The Monotonicity Prop. of the Leb. Int. of Bound. Leb. Meas. Functs.

# The Monotonicity Property of the Lebesgue Integral of Bounded Lebesgue Measurable Functions

Recall from The Linearity Property of the Lebesgue Integral of Bounded, Lebesgue Measurable Functions page that if $f$ and $g$ are bounded Lebesgue measurable functions defined on a Lebesgue measurable set $E$ with $m(E) < \infty$ then for all $\alpha, \beta \in \mathbb{R}$ we have that:

(1)\begin{align} \quad \int_E (\alpha f + \beta g) = \alpha \int_E f + \beta \int_E g \end{align}

We now show that the Lebesgue integral for bounded Lebesgue measurable functions defined on Lebesgue measurable sets $E$ with $m(E) < \infty$ have the monotonicity property.
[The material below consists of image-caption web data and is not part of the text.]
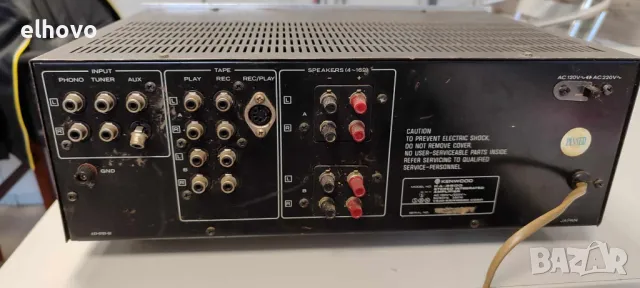 Стерео усилвател Kenwood KA-3500, снимка 3 - Ресийвъри, усилватели, смесителни пултове - 48291052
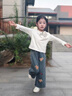 G.DUCKKIDS小黃鴨童裝女童牛仔褲春秋季闊腿褲兒童褲子女寶寶秋裝直筒褲長褲 圖片色 110 尺碼4~5歲【100-110cm】cm 曬單實拍圖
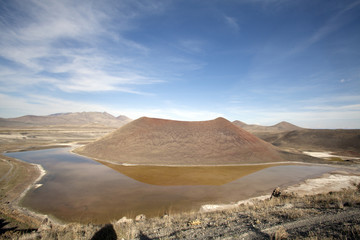 Fototapeta na wymiar Meke crater lake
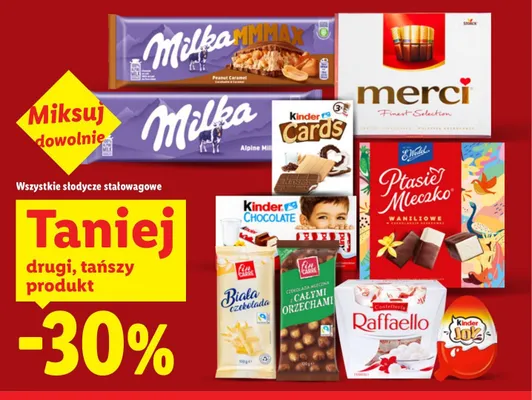 Bombonierka Merci Finest Selection promocja w Lidl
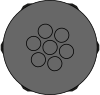 KEL-DPZ CR Multi-Membrane Cable Entry Plates, Round- for the Use in Cleanrooms, M25 - M63 / IP66 / IP68 / UL Type 12/4X* -- 50734.600 - Image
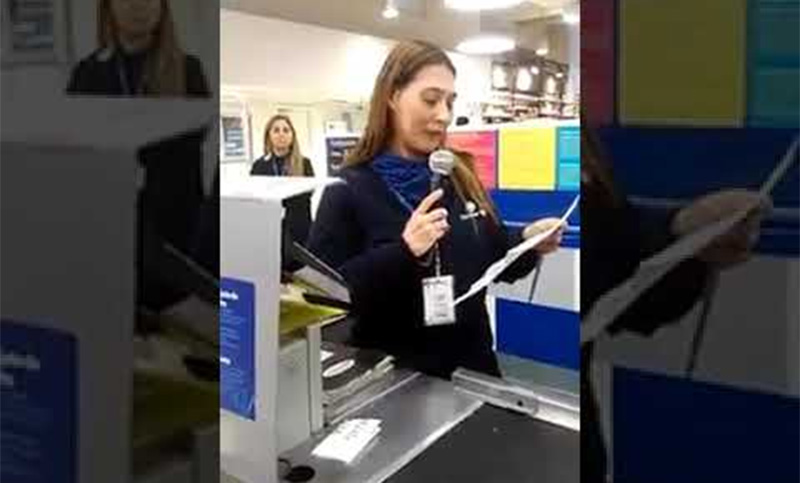 Emocionante mensaje de despedida de los trabajadores de Carrefour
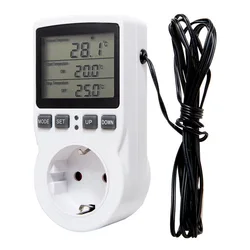 BIG SALE Digital Temperature Controller Sensor EU/FR Plug with Multifunctional Wireless Thermostat Socket Plug with Timer Switch
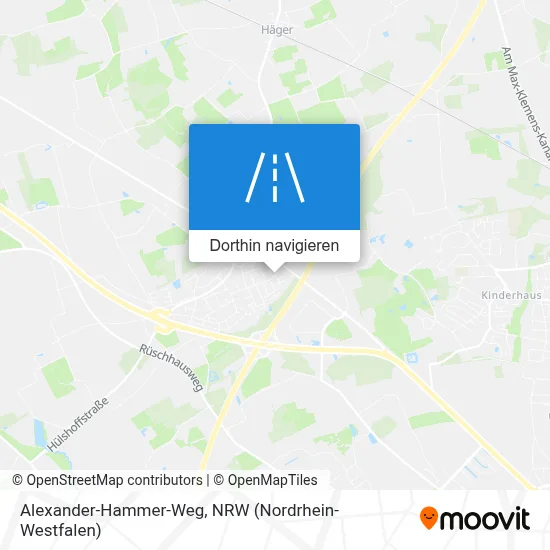 Alexander-Hammer-Weg Karte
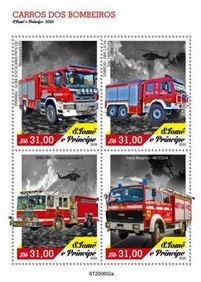 Пожарная техника (Сан Томе и Принсипи. 30.11.2020г.)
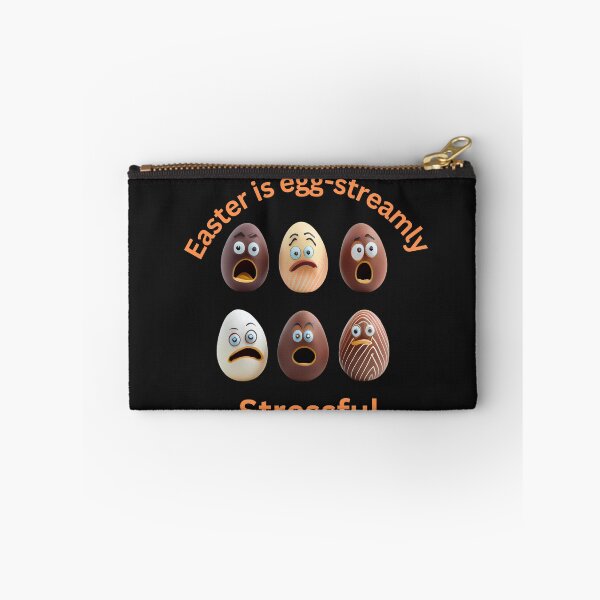 Item preview, Funny Easter Graphic: Easter is egg-streamly stressful: Easter eggs about to be eaten designed and sold by MTJ-Mushrooms.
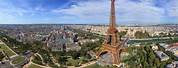 Aerial View Eiffel Tower Paris France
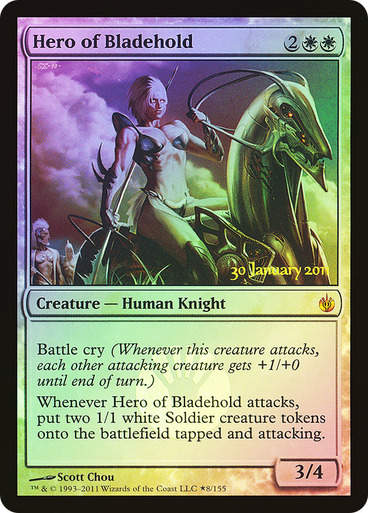 Hero of Bladehold (MBS) / Prerelease Promo Foil
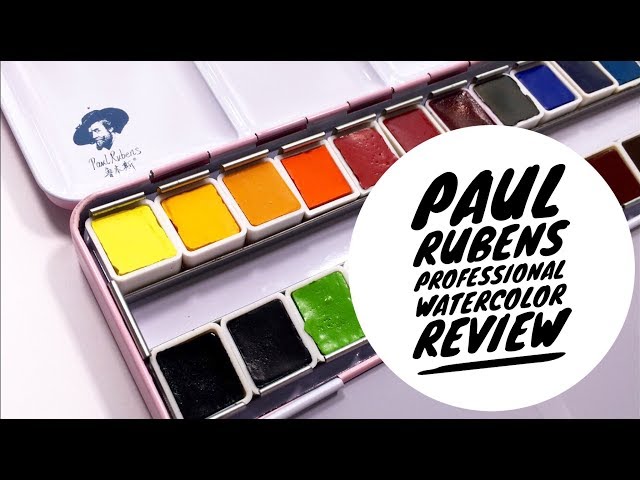 Paul Ruben's Professional 24 Watercolor Set Review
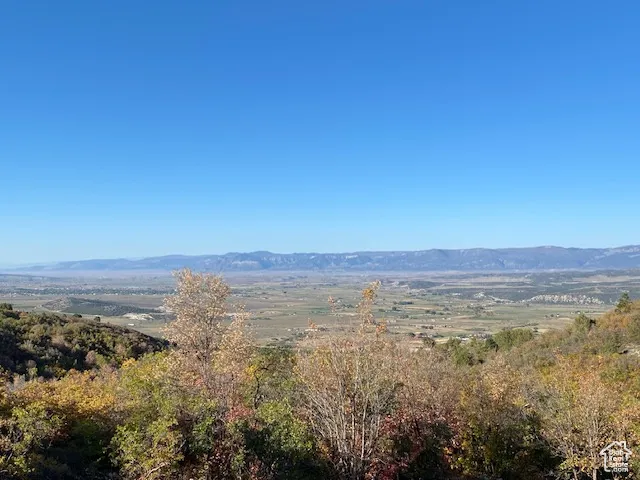 Valley view from lot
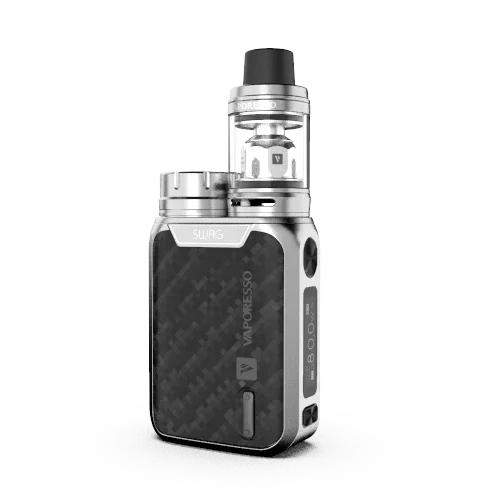 Серый Vaporesso Vape SWAG 2 комплект с коробкой Mod NRG ПЭ бак распылитель GT 4 сетки Катушки основной аккумулятор пара электронная сигарета - Цвет: Серый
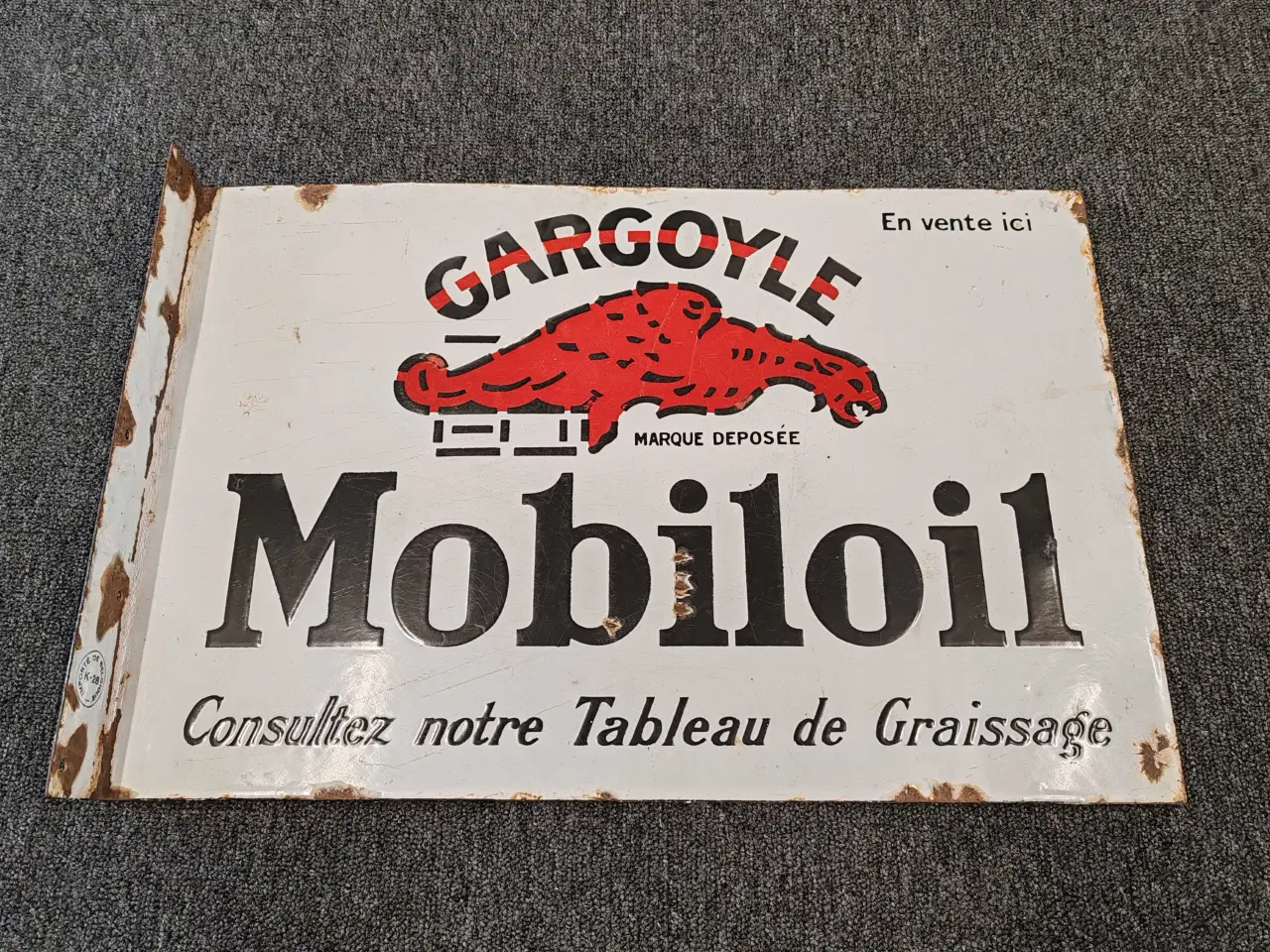 Billede 1 - Mobiloil skilt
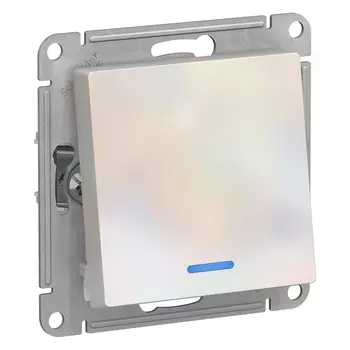 ATN000463 Atlasdesign 1-кл Переключатель с подсветкой, сх.6а, 10АХ, механизам, Жемчуг Schneider Electric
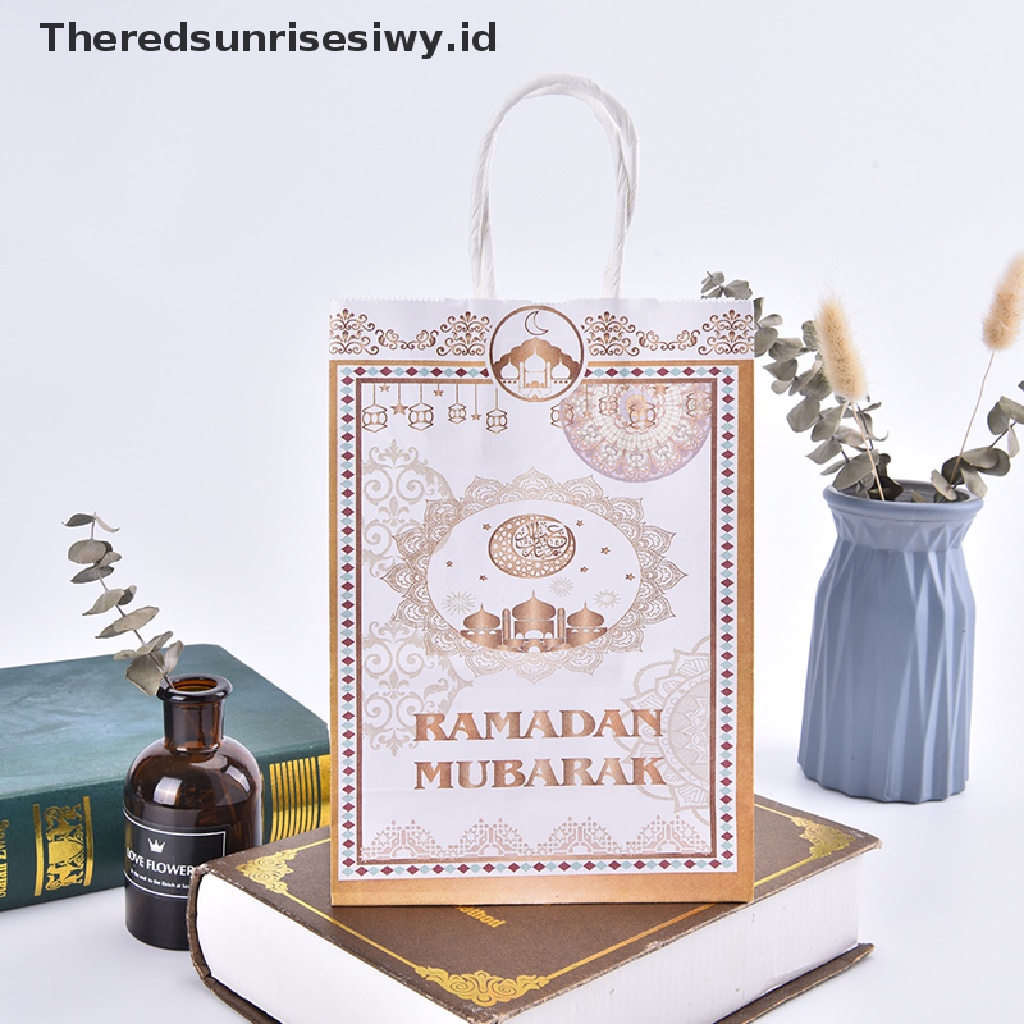 # Baju Lebaran # 6pcs/set Tas Bingkisan Kertas Eid Mubarak Ramadhan Favo r Bag Untuk Perlengkapan Pesta Gift~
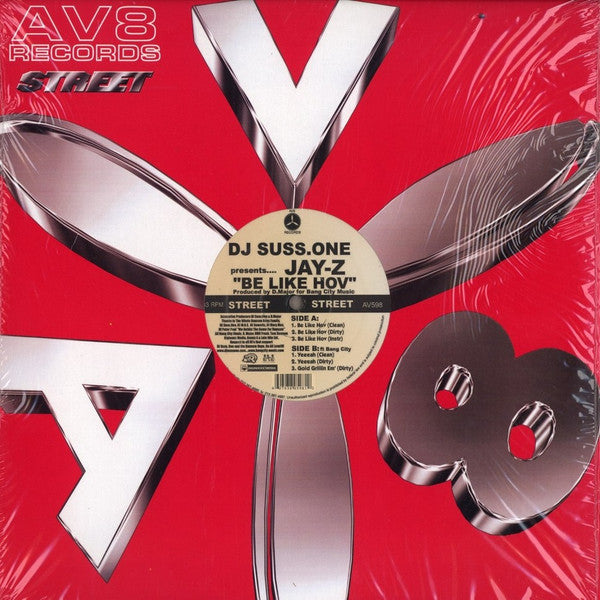 DJ Suss.One Presents.... Jay-Z : Be Like Hov (12")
Lemma 1: Let $f$ be a bounded Lebesgue measurable function defined on a Lebesgue measurable set $E$ with $m(E) < \infty$. If $f(x) \geq 0$ for all $x \in E$ then $\displaystyle{\int_E f \geq 0}$. |

**Proof:**Let $f$ be a bounded Lebesgue measurable function on a Lebesgue measurable set $E$ with $m(E) < \infty$. Since $f(x) \geq 0$ for all $x \in E$, we see that for the simple function $\varphi_0(x) = 0$ for all $x \in E$ that $\varphi(x) \leq f(x)$ for all $x \in E$. So $\displaystyle{0 = \int_E \varphi_0 \in \left \{ \int_E \varphi : \varphi \: \mathrm{is \: a \: simple \: function}, \: \varphi(x) \leq f(x) \: \mathrm{on} \: E \right \}}$ and hence:

\begin{align} \quad \int_E f = \underline{\int_E} f = \sup \left \{ \int_E \varphi : \varphi \: \mathrm{is \: a \: simple \: function}, \: \varphi(x) \leq f(x) \: \mathrm{on} \: E \right \} \geq 0 \quad \blacksquare \end{align}

Theorem 2 (Monotonicity of the Lebesgue Integral for Bounded, Lebesgue Measurable Functions): Let $f$ and $g$ be bounded Lebesgue measurable functions defined on a Lebesgue measurable set $E$ with $m(E) < \infty$. If $f(x) \leq g(x)$ for all $x \in E$ then $\displaystyle{\int_E f \leq \int_E g}$. |

**Proof:**Let $f$ and $g$ be bounded, Lebesgue measurable functions on a Lebesgue measurable set $E$ with $m(E) < \infty$. Since $f(x) \leq g(x)$ for all $x \in E$ we have that $0 \leq g(x) - f(x)$ for all $x \in E$. By Lemma 1 we have that:

\begin{align} \quad \int_E (g - f) \geq 0 \end{align}

- And by the linearity of the Lebesgue integral for bounded, Lebesgue measurable functions we have that:

\begin{align} \quad \int_E f \leq \int_E g \quad \blacksquare \end{align}

**Theorem 3: Let $f$ be a bounded Lebesgue measurable function defined on a Lebesgue measurable set $E$ with $m(E) < \infty$. Then $\displaystyle{\biggr \lvert \int_E f \biggr \rvert \leq \int_E |f|}$. |

**Proof:**Note that since $f$ is a bounded Lebesgue measurable function, so is $|f|$. Furthermore, $-|f(x)| \leq f(x) \leq |f(x)|$ for all $x \in E$. So by Theorem 2 we have that:

\begin{align} \quad \int_E -|f| \leq \int_E f \leq \int_E |f| \end{align}

- And by the monotonicity of the Lebesgue integral for bounded, Lebesgue measurable functions we have that:

\begin{align} \quad - \int_E |f| \leq \int_E f \leq \int_E |f| \quad \Leftrightarrow \quad \biggr \lvert \int_E f \biggr \rvert \leq \int_E |f| \quad \blacksquare \end{align}